Recreo una vez más -una y otra vez- el gol con el que empaté a 3 el juego de la tarde. Y de fondo musical escucho la respiración calma de mi flaca fundida con la angustia futbolística del Compa: a dónde se me irán las palabras que pierdo día a día. Y se me ocurre en un relámpago benjaminiano que en un mundo paralelo existe un alambique, una máquina prodigiosa que cuenta con un embudo por donde se deslizan todas esas palabras que tuvimos en la punta de la lengua pero que se nos escaparon para impedirnos decir en ese instante aquello que veníamos diciendo. Las palabras son vivas, se nos esconden a propósito porque saben que están destinadas a tareas más nobles. Llegan al alambique y caen -pegando gritos atómicos de felicidad como por un tobogán- a la caldera donde se funden unas con otras. Allí la palabra chocolate se funde con caballo y por la manguera de salida de la máquina surge un chocolallo tamaño natural que relincha y galopa por el espacio. Por la mañana se nos pierde “hojilla” y por la tarde “gamuza”, en la noche el alambique produce gamujillas. Las gamujillas sirven para hacerse cosquillas en las venas. O para consentirse por las mañanas los pelos de la barba.

En ese alambique imposible escondido en el lugar donde van a caer las palabras perdidas se escriben esas novelas fantásticas que siempre hemos querido escribir pero para las que nunca encontramos tiempo. Se conciben y paren los poemas que jamás escribiremos en esta vida. En el corazón de esa máquina las palabras se fusionan, hacen el amor, se combinan y se enamoran, tienen retoños prodigiosos. Son como criaturas extremadamente hermosas que no tienen cabida en este mundo pero sí en otros.

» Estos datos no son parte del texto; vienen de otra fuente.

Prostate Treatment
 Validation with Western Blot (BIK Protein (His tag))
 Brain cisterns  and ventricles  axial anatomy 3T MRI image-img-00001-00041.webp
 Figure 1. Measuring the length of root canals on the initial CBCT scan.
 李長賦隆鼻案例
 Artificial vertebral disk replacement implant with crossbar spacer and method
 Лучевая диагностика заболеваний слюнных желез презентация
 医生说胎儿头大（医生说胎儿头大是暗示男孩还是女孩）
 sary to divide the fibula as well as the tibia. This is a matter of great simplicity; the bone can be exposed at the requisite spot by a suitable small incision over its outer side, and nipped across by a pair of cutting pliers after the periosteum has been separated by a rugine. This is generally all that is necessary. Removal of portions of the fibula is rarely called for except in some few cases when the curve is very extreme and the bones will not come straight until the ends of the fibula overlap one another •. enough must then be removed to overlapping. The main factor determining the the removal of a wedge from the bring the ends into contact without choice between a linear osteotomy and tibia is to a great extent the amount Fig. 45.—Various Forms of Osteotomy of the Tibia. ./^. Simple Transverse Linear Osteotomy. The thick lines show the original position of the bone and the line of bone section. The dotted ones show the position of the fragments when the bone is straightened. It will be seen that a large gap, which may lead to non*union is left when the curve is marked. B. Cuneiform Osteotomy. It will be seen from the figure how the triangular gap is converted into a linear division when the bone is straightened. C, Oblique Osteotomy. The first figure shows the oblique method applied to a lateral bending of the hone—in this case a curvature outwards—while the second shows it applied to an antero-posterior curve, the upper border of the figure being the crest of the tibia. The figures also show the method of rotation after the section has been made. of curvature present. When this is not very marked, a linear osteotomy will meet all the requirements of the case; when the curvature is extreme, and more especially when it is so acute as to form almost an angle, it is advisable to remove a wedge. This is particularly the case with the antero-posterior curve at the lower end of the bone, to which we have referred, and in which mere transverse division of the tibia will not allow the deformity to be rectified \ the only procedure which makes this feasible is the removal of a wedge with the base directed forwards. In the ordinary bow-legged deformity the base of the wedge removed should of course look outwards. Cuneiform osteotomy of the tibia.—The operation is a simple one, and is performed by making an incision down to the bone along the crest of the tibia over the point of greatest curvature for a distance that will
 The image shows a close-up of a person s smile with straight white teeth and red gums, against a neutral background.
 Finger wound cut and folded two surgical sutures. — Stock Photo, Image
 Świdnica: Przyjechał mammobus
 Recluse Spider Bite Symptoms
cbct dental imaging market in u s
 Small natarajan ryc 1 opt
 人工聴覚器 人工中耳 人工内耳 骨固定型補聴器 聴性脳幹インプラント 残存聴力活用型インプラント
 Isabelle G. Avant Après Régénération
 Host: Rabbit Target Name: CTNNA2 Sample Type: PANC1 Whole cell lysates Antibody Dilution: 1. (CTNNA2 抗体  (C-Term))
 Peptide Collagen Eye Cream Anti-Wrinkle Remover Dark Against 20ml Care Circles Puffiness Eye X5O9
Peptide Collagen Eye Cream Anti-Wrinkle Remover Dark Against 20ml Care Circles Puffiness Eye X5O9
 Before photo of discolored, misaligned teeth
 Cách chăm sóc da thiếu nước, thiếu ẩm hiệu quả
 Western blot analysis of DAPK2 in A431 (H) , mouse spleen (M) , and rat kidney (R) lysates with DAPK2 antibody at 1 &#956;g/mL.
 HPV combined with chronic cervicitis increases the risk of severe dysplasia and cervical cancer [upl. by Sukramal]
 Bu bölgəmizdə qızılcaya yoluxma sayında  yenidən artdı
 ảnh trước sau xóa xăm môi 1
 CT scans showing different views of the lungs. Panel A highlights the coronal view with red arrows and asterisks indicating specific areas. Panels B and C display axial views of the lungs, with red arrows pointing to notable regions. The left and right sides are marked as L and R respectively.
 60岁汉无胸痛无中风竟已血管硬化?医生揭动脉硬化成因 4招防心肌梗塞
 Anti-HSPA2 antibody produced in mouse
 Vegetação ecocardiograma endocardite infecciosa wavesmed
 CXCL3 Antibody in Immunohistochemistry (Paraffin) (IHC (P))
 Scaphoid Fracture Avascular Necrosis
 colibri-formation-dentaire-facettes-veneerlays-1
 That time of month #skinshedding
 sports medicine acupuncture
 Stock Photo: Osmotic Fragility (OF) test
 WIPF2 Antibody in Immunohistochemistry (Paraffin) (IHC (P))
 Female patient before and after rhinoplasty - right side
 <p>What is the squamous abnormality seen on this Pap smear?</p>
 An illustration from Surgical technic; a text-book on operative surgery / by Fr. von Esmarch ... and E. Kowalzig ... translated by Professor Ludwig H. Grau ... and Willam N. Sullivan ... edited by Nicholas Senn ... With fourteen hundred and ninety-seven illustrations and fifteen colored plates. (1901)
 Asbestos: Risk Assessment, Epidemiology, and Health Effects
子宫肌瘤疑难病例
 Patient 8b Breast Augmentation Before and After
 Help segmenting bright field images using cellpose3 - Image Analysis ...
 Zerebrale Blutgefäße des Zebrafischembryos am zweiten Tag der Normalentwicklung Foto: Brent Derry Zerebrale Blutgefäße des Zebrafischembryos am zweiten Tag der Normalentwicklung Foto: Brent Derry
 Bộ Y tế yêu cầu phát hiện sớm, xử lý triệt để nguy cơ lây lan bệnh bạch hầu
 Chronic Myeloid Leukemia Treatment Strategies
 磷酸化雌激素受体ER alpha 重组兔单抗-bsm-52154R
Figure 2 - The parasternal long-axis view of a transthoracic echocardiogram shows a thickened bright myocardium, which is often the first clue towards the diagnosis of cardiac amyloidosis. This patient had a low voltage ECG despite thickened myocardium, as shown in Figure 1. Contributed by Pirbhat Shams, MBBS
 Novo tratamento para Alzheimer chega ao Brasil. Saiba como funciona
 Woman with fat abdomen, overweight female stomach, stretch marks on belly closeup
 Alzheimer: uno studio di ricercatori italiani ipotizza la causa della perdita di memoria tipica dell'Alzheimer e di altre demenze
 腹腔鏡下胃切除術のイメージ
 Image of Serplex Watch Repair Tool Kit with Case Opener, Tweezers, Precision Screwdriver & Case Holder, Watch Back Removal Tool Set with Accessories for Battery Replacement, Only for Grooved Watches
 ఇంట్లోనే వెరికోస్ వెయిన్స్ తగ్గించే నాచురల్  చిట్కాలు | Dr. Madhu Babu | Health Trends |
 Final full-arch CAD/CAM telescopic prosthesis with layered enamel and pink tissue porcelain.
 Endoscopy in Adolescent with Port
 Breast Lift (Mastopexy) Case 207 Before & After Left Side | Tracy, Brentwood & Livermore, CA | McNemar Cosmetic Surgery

Antes de dormir, fulminado por el agotamiento y por el aluvión de imágenes, pienso en abrirme un fondo de donaciones para palabras perdidas. Voy a pedirle al Compa -en el próximo juego de fútbol, justo cuando vuelva a anotar el gol de la victoria- que si no le importa me regale sus palabras perdidas. Quizás con la suyas, más las mías, más algunas otras que alguien más por allí me quiera ceder, acabe yo reuniendo la materia prima para escribir ese universo con el que siempre sueño poder atrapar. Quién sabe, algún día.